- _What to produce_
Set down the full listing exactly as given. Any pictures are to be left out.

- _Data section_
▬▬▬▬▬▬

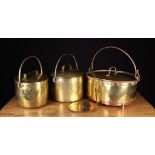 Three Large Antique Lidded Brass Pans and a Brass Sheet Brass Drainer. The largest pan of oval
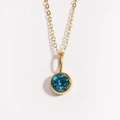Close-up of golden necklace with circular blue gemstone pendant on white background - December Blue Topaz
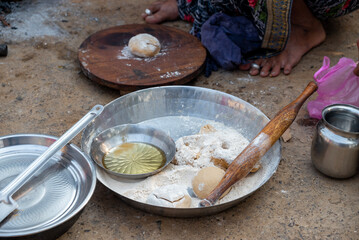 A village woman makes bread on the stove. cooking bread in clay stove , chula , makeing bread , roti , in village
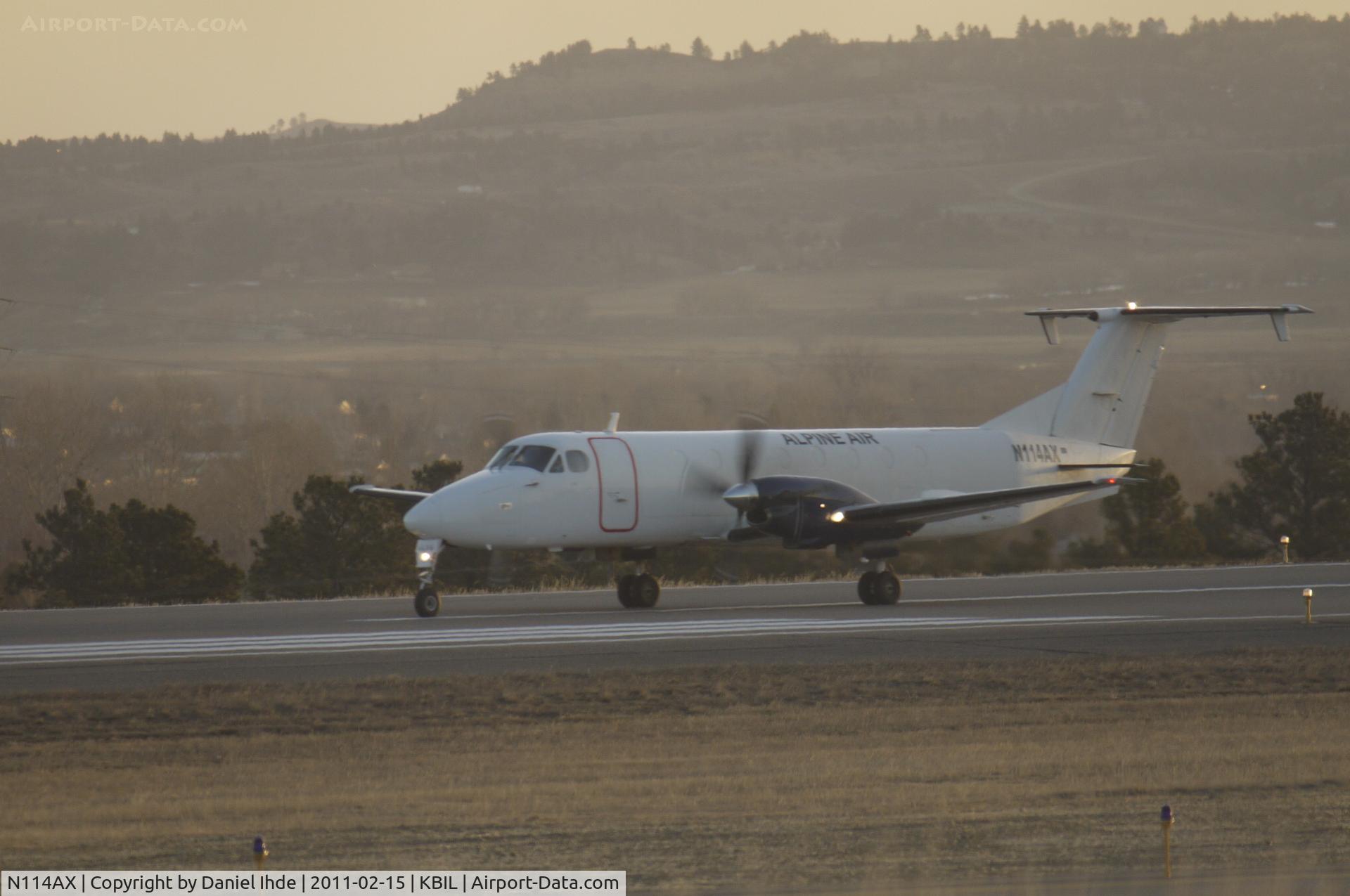 N114AX, 1988 Beech 1900C C/N UC-36, Alpine Air Beech 1900 Freighter departing KBIL on 28R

▬▬▬▬▬▬

- _Completed task_
 Three Large Antique Lidded Brass Pans and a Brass Sheet Brass Drainer. The largest pan of oval
Close-up of golden necklace with circular blue gemstone pendant on white background - December Blue Topaz
 A village woman makes bread on the stove. cooking bread in clay stove , chula , makeing bread , roti , in village
 N114AX, 1988 Beech 1900C C/N UC-36, Alpine Air Beech 1900 Freighter departing KBIL on 28R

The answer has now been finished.